Does he use that jacket for testing lenses?


----------



## Canon Rumors Guy (Dec 23, 2015)

Brymills said:


> Does he use that jacket for testing lenses?



Only to check if a lens is decentered.


----------



## Talley (Dec 23, 2015)

that 20mm 1.4 is bigger than I thought.


----------



## slclick (Dec 23, 2015)

You have really got to hand it to Sigma. It's rare that a 3rd Party in ANY field can turn itself around and become a leader or at least a true competitor. Tamron and Tokina should rethink how they run their shops.


----------



## vscd (Dec 23, 2015)

A lot of capitalistic companies could learn a few thoughts from this small company. It's not everything about growth for each given price...


----------



## Nininini (Dec 23, 2015)

I'll never buy a Sigma lens again after the amount of AF problems I've had with it. I'm not the only one, the internet is filled with personal accounts of people having AF issues with Sigma lenses. Considering Sigma says they profile themselves as a mid to high-end lens maker, one thing that should be flawless is AF, and it's a nightmare on far too many Sigma and Tamron lenses. I realize this isn't Sigma and Tamron their fault because Canon and Nikon have thousands of patents protecting their business, including how AF works on their cameras, but as a consumer, that's not my problem. I won't waste my money on another Sigma lens with AF issues.
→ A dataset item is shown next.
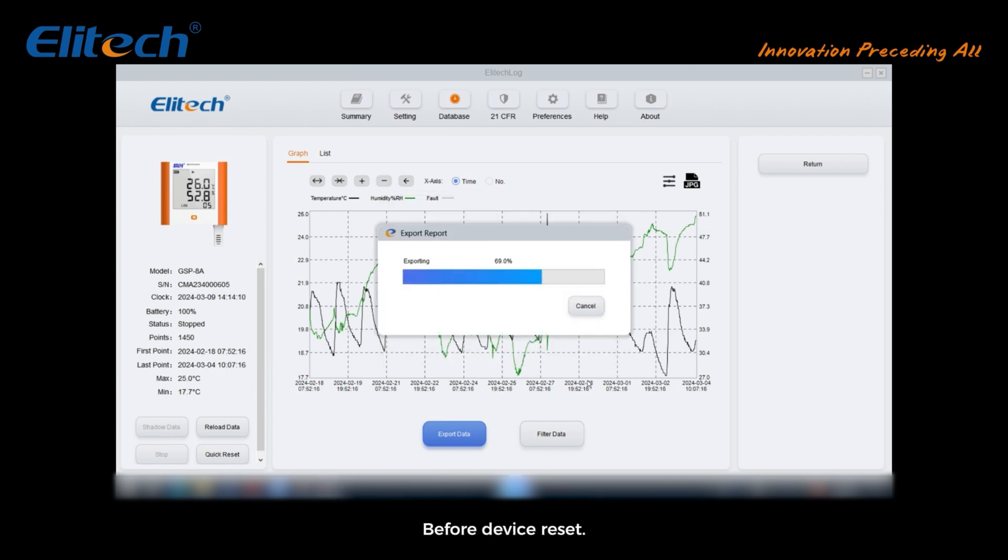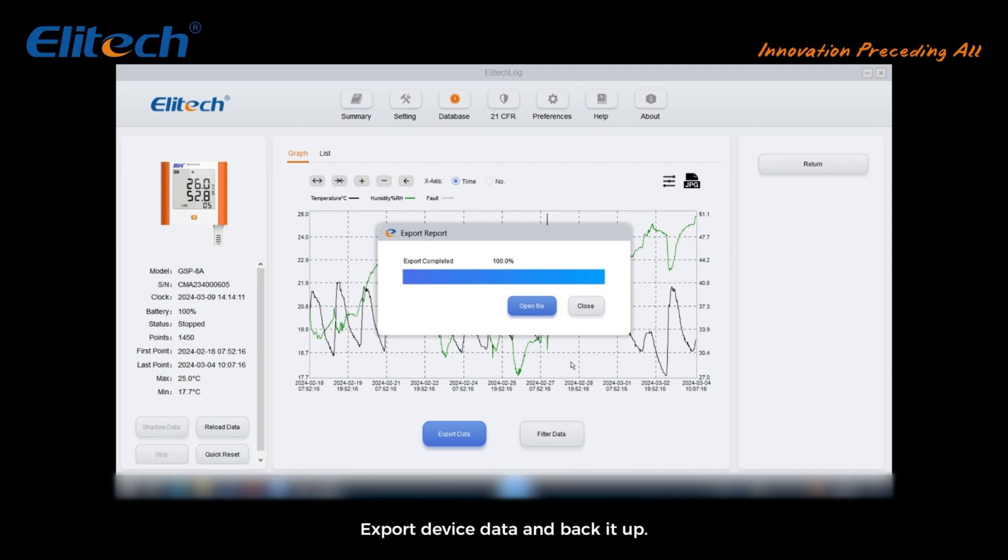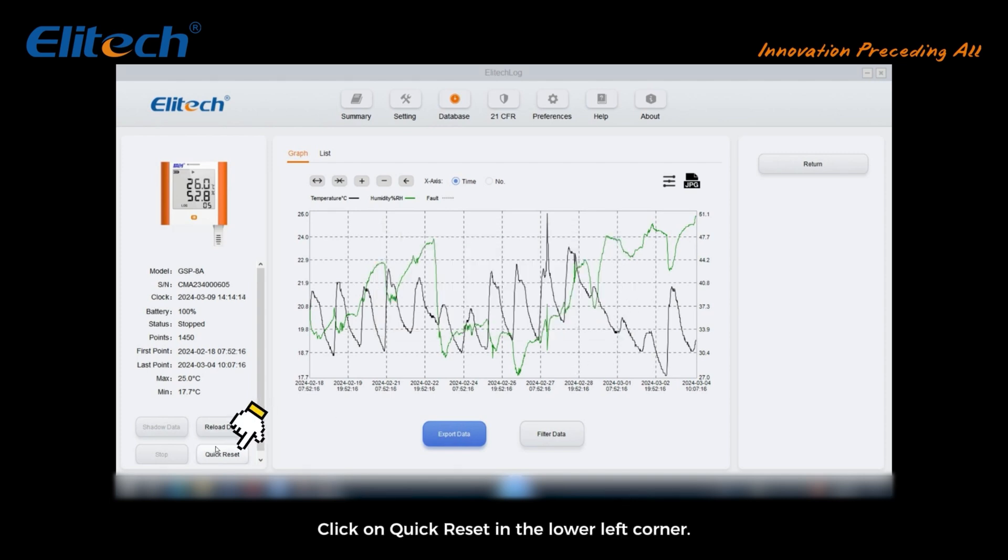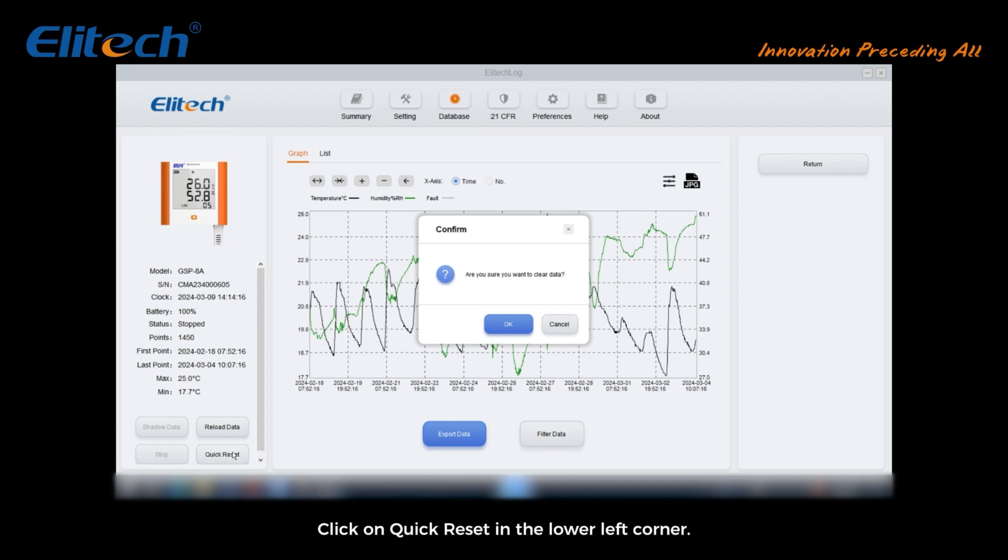Before device reset, be sure to plug in the computer, export device data, and back it up. Otherwise, the data will be erased.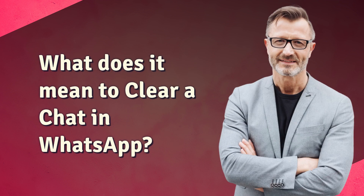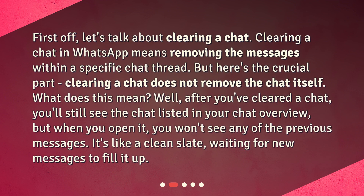What does it mean to clear a chat in WhatsApp? First off, let's talk about clearing a chat. Clearing a chat in WhatsApp means removing the messages within a specific chat thread. But here's the crucial part: clearing a chat does not remove the chat itself.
And the ironic thing is, that the chinese OEM he's talking about, tend to have a far more accurate AF system than Sigma lenses, because they aren't afraid to reverse engineer the Canon AF system and aren't afraid of litigation. I don't need a USB dock or microadjust the lens 40 times to get it to focus like every other Sigma lens with AF problems.


----------



## sunnyVan (Dec 23, 2015)

I appreciate his business philosophy. It does improve my perception of the company even more. Loved the sigma 35 when i had it. Zero AF issue. Bitingly sharp. Too bad the new 20mm doesn't seem to perform well in terms of coma, or else i would've bought it.


----------



## Patak (Dec 23, 2015)

I am not a huge fan of Sigma products, but I truly appreciate Kazuto's business philosophy. This company is on the path of success with him in charge


----------



## HighLowISO (Dec 23, 2015)

Great Interview! My first Sigma lens was the 50mm ART and my second sort of by accident (great price) is the 150-600mm C. I don't need any more lenses, but if these hold up Canon will have serious competition because of the quality and price.


----------



## Bennymiata (Dec 23, 2015)

He seems to be a nice, down to earth guy with some good ideas. Not your typical boss of a large business.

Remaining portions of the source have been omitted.